(Task directions)
Leaving the pictures aside, restate all of the data exactly.

[Records from a collection]
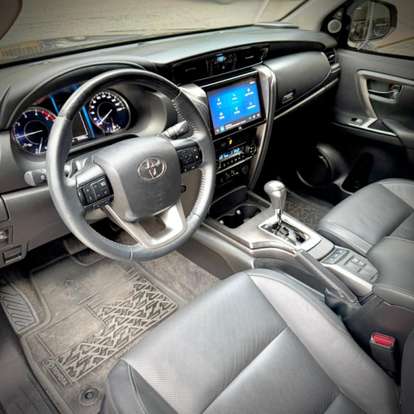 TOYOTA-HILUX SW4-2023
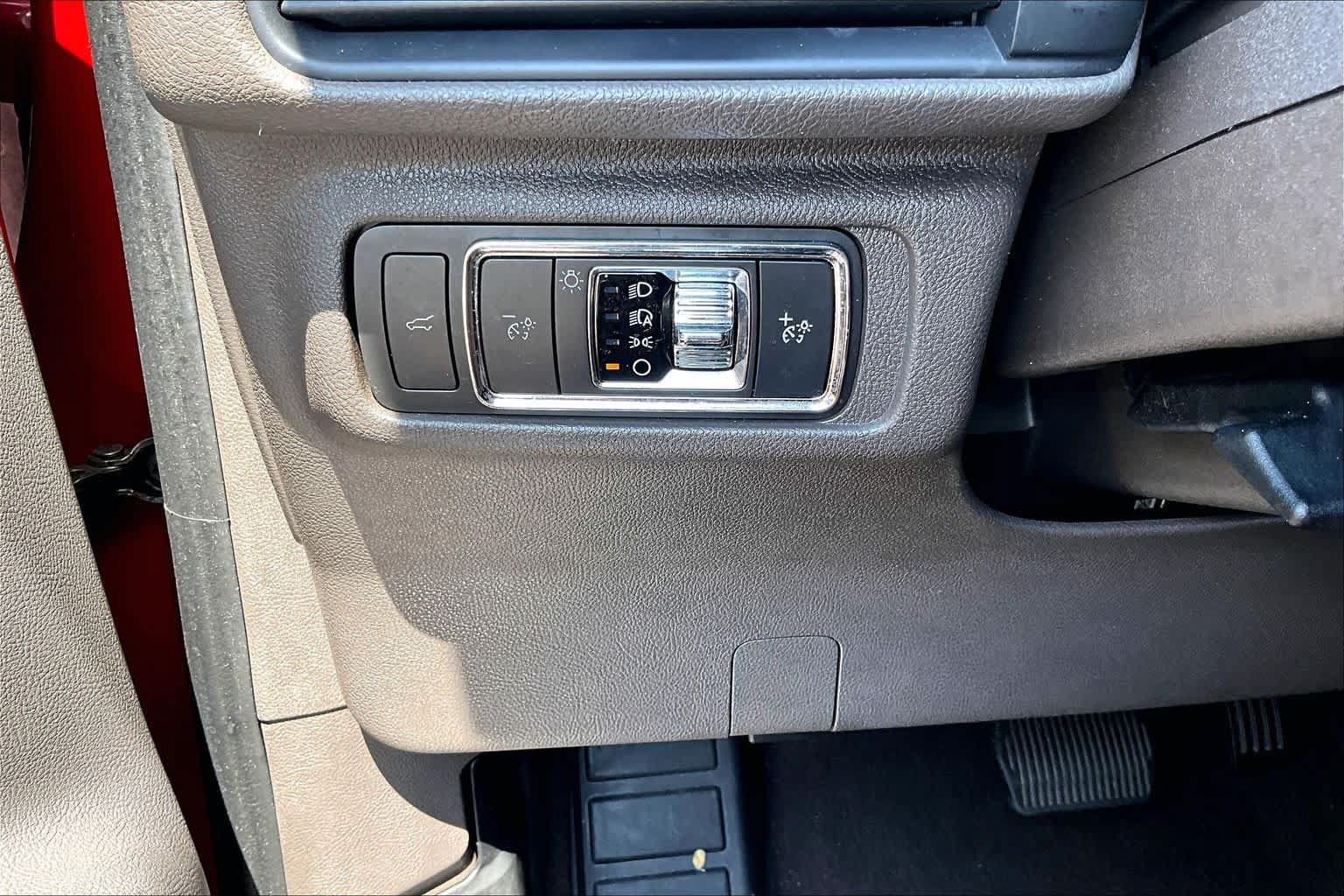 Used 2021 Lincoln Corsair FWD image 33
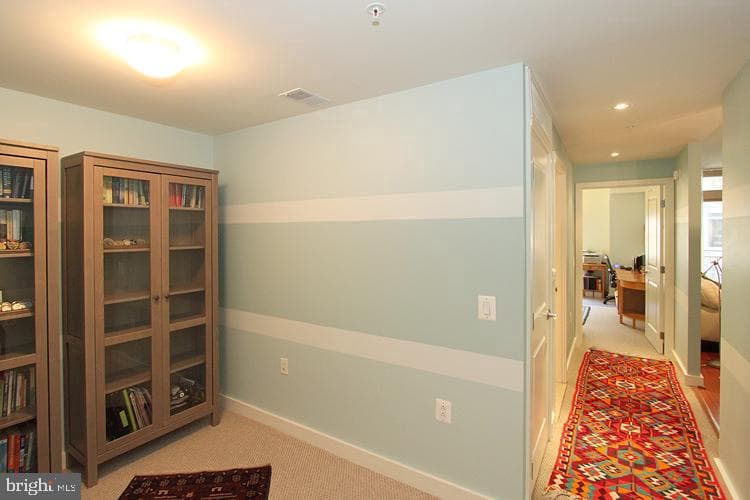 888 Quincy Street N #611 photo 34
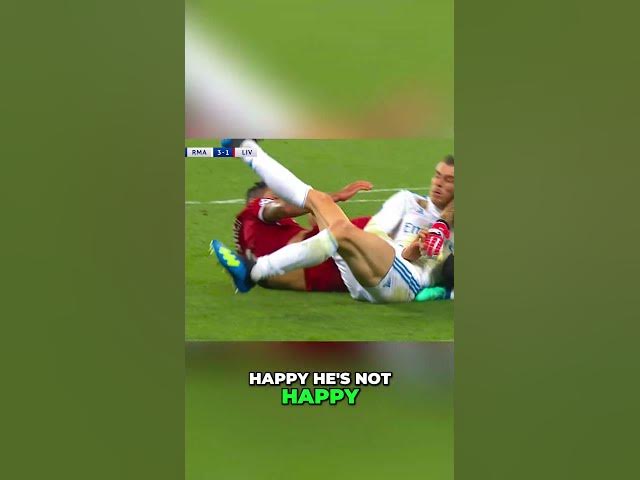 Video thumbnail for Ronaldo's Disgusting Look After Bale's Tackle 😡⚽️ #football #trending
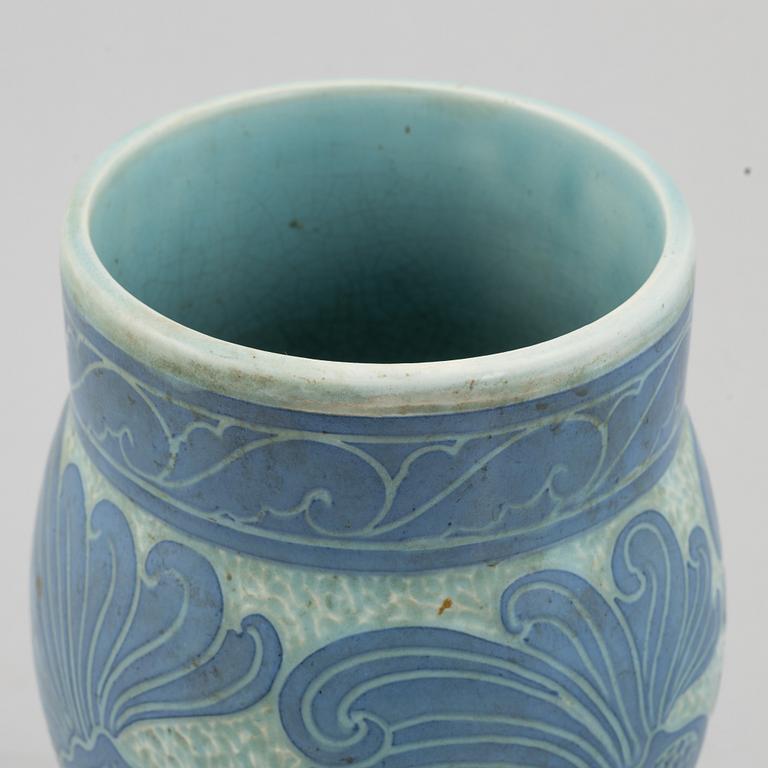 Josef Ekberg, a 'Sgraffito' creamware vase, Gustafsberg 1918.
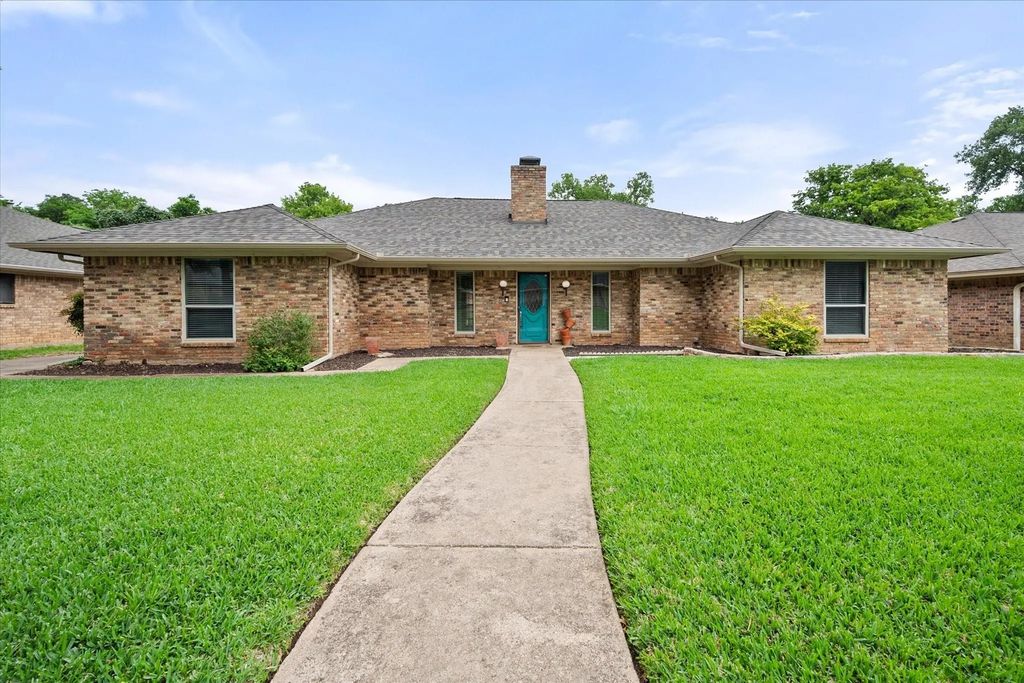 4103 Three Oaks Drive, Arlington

(Exercise answer)
 TOYOTA-HILUX SW4-2023
 Used 2021 Lincoln Corsair FWD image 33
 888 Quincy Street N #611 photo 34
 Video thumbnail for Ronaldo's Disgusting Look After Bale's Tackle 😡⚽️ #football #trending
 Josef Ekberg, a 'Sgraffito' creamware vase, Gustafsberg 1918.
 4103 Three Oaks Drive, Arlington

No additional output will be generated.